Watching a screener, I imagined audiences losing it at this particular moment. How many times have we watched horror films in which the protagonist makes the inexplicable choice to go further into danger just to find out what’s down there? For Black viewers, this habit is racialized: This is white-people shit, the joke goes. They obviously don’t have enough to be afraid of in real life, so they go around looking for dangerous situations, opening the door, releasing the curse, unsealing the tomb. There’s a reason “Fuck around and find out” and its cousin, “Play stupid games, win stupid prizes,” are Black proverbs. The protagonist and the creators of the new Candyman—co-written by Jordan Peele, Win Rosenfeld, and Nia DaCosta, who also directs—are not here to play stupid games.
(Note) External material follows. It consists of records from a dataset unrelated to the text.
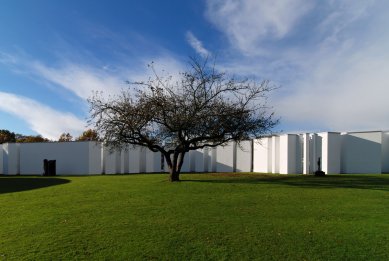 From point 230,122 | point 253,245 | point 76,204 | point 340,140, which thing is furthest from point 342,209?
point 340,140

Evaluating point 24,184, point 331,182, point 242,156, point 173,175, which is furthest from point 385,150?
point 24,184

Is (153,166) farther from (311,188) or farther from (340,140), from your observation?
(311,188)

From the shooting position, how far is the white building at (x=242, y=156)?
28.5m

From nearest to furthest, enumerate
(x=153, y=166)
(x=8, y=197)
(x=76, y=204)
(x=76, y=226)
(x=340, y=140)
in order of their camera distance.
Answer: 1. (x=76, y=226)
2. (x=76, y=204)
3. (x=8, y=197)
4. (x=340, y=140)
5. (x=153, y=166)

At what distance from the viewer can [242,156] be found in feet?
115

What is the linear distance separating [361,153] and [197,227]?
2324 centimetres

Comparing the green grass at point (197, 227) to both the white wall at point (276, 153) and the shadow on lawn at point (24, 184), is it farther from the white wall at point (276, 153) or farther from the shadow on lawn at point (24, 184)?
the white wall at point (276, 153)

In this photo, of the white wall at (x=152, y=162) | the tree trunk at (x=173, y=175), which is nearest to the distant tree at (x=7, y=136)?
the white wall at (x=152, y=162)

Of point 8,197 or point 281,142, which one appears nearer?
point 8,197

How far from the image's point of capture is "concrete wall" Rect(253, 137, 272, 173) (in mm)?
31625

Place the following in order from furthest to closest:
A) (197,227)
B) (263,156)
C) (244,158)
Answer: (244,158) → (263,156) → (197,227)

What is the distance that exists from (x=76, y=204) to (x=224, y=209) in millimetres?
4870

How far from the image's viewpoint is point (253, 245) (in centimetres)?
776

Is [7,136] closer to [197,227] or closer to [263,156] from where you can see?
[263,156] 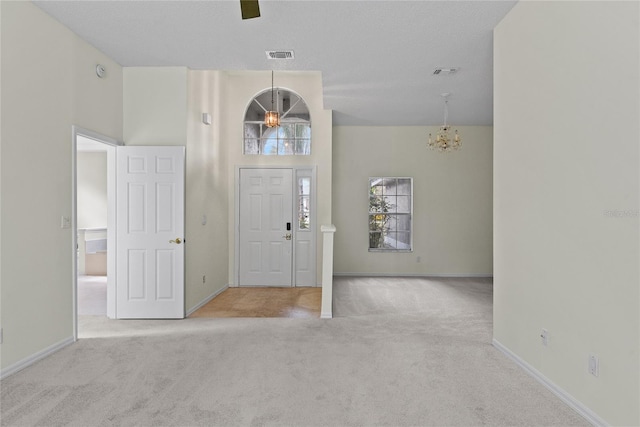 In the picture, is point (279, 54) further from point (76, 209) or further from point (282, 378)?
point (282, 378)

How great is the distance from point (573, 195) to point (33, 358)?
4087 millimetres

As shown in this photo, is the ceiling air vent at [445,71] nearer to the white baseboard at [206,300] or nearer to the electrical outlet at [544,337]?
the electrical outlet at [544,337]

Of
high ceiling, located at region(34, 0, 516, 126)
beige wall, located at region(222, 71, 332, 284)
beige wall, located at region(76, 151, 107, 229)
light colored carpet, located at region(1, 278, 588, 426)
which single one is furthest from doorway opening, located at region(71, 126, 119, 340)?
high ceiling, located at region(34, 0, 516, 126)

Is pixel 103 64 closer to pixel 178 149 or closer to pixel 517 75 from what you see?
pixel 178 149

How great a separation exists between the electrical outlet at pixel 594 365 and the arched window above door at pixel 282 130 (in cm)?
497

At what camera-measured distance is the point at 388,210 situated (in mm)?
7379

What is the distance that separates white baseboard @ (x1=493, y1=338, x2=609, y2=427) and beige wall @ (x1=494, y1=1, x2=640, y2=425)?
30mm

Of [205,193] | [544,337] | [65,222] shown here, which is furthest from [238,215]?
[544,337]

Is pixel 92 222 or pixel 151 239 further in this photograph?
pixel 92 222

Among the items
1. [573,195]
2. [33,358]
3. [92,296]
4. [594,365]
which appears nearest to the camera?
[594,365]

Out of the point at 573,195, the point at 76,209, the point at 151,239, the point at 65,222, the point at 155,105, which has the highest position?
the point at 155,105

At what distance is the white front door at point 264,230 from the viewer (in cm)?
646

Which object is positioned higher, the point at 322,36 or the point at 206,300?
the point at 322,36

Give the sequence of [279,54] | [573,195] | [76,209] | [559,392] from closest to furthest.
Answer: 1. [573,195]
2. [559,392]
3. [76,209]
4. [279,54] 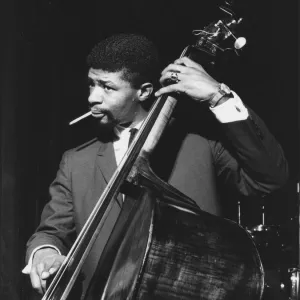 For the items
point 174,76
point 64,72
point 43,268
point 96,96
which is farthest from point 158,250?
point 64,72

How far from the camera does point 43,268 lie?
1.30 metres

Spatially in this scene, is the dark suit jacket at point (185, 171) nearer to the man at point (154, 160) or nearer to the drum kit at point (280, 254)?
the man at point (154, 160)

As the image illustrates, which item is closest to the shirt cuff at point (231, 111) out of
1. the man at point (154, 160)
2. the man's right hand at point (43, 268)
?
the man at point (154, 160)

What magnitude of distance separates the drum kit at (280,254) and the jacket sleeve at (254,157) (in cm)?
96

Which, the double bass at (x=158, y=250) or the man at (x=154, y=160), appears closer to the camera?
the double bass at (x=158, y=250)

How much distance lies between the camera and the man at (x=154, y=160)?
52.4 inches

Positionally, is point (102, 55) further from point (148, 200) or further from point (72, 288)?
point (72, 288)

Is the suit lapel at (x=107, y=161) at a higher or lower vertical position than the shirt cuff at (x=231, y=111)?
lower

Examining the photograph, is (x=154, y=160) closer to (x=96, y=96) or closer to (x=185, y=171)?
(x=185, y=171)

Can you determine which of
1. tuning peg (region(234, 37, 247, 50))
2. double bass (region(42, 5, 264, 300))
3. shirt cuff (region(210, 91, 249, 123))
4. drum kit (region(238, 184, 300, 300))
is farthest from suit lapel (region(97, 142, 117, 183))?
drum kit (region(238, 184, 300, 300))

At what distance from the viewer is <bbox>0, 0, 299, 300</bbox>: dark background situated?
2.21 m

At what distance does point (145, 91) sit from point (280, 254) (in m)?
1.41

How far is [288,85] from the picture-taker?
8.44 feet

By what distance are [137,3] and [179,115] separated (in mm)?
720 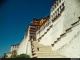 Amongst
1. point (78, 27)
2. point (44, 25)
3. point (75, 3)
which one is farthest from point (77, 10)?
point (44, 25)

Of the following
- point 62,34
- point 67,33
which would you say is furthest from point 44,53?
point 67,33

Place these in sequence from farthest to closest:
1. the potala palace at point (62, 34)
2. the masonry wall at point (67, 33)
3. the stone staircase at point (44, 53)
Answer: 1. the stone staircase at point (44, 53)
2. the potala palace at point (62, 34)
3. the masonry wall at point (67, 33)

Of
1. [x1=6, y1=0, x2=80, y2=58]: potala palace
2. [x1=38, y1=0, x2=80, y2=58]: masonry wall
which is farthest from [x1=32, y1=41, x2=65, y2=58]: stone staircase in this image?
[x1=38, y1=0, x2=80, y2=58]: masonry wall

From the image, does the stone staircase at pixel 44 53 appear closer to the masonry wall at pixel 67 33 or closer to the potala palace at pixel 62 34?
the potala palace at pixel 62 34

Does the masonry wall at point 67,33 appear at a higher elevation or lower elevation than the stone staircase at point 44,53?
higher

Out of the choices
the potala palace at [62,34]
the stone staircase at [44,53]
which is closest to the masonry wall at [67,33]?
the potala palace at [62,34]

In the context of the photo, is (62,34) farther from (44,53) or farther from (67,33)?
(44,53)

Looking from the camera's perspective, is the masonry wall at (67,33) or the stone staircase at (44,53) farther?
the stone staircase at (44,53)

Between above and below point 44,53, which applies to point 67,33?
above

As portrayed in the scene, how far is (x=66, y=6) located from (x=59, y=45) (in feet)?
16.3

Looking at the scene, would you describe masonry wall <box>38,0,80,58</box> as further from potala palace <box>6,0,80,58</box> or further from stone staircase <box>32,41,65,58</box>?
stone staircase <box>32,41,65,58</box>

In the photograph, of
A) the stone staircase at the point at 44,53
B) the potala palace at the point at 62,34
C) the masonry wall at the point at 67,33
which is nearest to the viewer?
the masonry wall at the point at 67,33

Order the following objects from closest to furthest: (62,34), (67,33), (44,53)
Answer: (67,33)
(62,34)
(44,53)

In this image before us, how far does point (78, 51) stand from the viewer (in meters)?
16.0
The original Candyman, an adaptation by the British filmmaker Bernard Rose of the British writer Clive Barker’s short story “The Forbidden,” was explicitly conceived and directed through a white gaze. The new Candyman is the first horror feature distributed by a major studio to be directed by a Black woman, DaCosta. During the making of it, she was intensely conscious that Black pain has always been a lucrative source of content for Hollywood but is rarely handled with enough consideration to keep it from effectively and constantly re-traumatizing Black viewers. “My concern is really getting into what the film is about and who the film is for,” she told me via email. “With a film like this, that traffics in Black pain and trauma, it’s imperative that it is told from a Black POV; it’s imperative that we consider the audience for whom this film could be harmful, and that we are very careful about execution.”
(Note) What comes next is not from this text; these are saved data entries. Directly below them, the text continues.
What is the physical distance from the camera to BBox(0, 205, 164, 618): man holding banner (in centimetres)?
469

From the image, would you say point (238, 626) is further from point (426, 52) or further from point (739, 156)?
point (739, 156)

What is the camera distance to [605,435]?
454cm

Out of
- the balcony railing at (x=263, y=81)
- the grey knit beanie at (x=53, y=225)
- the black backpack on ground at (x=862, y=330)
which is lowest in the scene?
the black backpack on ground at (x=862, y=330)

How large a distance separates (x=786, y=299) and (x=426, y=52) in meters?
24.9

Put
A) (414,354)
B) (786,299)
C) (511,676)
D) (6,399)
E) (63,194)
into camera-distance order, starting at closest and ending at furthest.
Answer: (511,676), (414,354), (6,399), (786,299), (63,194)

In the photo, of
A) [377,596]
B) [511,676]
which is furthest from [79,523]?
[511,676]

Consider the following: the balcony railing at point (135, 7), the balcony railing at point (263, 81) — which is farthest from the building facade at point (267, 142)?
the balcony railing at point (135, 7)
DaCosta and her collaborators had their work cut out for them. In the original Candyman, Rose imports Barker’s tour de force of mood and shiver—a story that works as both a chiller and a meditation on class in Barker’s native Liverpool—to America, swapping in race for class. In the short story, a white academic traipses into the “drear canyons” of council housing to study graffiti, and residents there begin to tell her tales of horror that they say no one else has believed. In Rose’s film, a white academic traipses into Chicago’s Cabrini-Green projects, where Black families report being terrorized by a Black serial killer who returns from the dead when his name—Candyman (he comes bearing candy)—is invoked five times in front of a mirror. Racially speaking, the results can most generously be described as cringeworthy.
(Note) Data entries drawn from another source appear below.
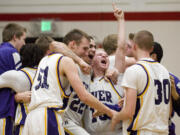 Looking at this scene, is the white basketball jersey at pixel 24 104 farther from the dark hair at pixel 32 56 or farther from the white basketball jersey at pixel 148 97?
the white basketball jersey at pixel 148 97

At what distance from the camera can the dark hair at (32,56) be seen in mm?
3877

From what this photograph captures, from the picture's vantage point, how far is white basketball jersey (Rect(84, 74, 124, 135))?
376cm

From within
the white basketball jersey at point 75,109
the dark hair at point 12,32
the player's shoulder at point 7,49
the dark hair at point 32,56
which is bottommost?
the white basketball jersey at point 75,109

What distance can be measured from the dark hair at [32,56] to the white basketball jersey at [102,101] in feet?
2.21

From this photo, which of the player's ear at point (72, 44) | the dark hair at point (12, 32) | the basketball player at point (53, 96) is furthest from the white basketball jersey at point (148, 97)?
the dark hair at point (12, 32)

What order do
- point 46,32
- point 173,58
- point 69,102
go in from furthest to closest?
1. point 46,32
2. point 173,58
3. point 69,102

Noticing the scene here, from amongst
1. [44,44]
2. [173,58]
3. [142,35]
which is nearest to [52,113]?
[44,44]

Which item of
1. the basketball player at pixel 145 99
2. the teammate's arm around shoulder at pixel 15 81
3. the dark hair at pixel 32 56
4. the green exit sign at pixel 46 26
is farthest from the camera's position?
the green exit sign at pixel 46 26

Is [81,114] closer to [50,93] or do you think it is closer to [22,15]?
[50,93]

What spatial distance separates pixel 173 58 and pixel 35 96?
4.73 meters

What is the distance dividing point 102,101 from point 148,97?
0.61 metres

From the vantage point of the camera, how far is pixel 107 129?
3750 millimetres

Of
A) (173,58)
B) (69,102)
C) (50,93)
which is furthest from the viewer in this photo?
(173,58)

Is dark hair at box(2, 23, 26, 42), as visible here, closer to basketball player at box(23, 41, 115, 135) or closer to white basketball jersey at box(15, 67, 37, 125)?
white basketball jersey at box(15, 67, 37, 125) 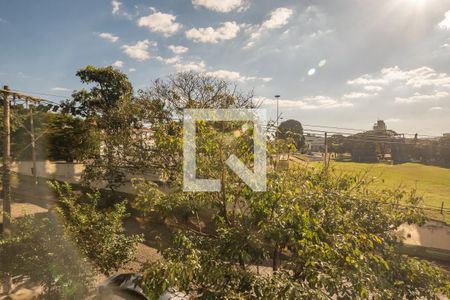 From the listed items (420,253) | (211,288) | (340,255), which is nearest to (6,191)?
(211,288)

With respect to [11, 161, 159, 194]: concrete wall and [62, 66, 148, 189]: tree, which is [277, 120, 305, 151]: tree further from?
[11, 161, 159, 194]: concrete wall

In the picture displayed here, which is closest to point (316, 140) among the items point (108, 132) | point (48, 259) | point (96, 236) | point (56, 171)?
point (108, 132)

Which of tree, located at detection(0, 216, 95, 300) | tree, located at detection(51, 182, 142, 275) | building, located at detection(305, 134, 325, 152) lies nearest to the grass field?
building, located at detection(305, 134, 325, 152)

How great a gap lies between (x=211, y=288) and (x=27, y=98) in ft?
30.4

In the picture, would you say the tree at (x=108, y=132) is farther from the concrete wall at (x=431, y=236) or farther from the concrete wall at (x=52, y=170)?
the concrete wall at (x=431, y=236)

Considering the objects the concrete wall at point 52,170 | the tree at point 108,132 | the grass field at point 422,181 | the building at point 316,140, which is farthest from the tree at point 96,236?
the concrete wall at point 52,170

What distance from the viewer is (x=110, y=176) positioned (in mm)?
16344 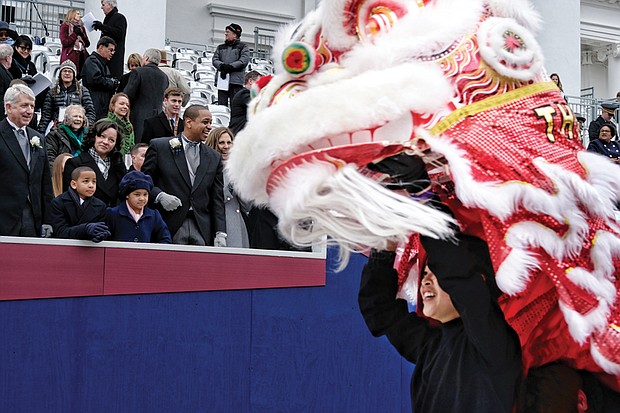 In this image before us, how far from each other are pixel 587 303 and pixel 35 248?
Result: 303 centimetres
The projects in Rose’s Candyman are an apocalypse, home to an egregious liberal fantasy of an oppressed and impoverished underclass. Kindhearted single mothers who work low-wage jobs deliver monologues in a theatrical Ebonics. Orphaned children roam the streets. The mass of Black families is treated as a nameless, faceless, childish people prone to superstitions and living under the shadow of an unforgiving god. The film offers up a racialized poverty Kabuki in which pain is the chief characteristic of Blackness. It doesn’t help that the imagined backstory for Candyman, dreamed up by Rose, is that he was violently murdered for lusting after a white woman, as if even in our victimization, proximity to whiteness remains a forbidden prize.
Horror noire, the 2019 documentary on Black horror based on Robin R. Means Coleman’s book of the same title, proposes that one of the first mainstream films in the genre was not billed as one. D. W. Griffith’s The Birth of a Nation, released in 1915, dramatizes the heroic—in its view—formation of the Ku Klux Klan, which rides to the rescue of white people everywhere when a libidinous Black man named Gus (portrayed in blackface) assaults a fragile white woman. If horror plays on the audience’s fears as a means of entertainment, The Birth of a Nation would have done so in entirely opposite ways for the country’s Black and white viewers. For white people, the character of Gus functioned as something like a predecessor to Jason Voorhees in Friday the 13th and Freddy Krueger in A Nightmare on Elm Street, an unrepentant monster who is coming for you and all that you love unless he is stopped. The film depicts the ultimate lynching of Gus as a valiant and noble act. Shortly after its release, the movie was screened at the White House for President Woodrow Wilson and his Cabinet. The Birth of a Nation is still considered path-breaking, one of the most important films in early American cinema. Therein lies the horror for the country’s Black population.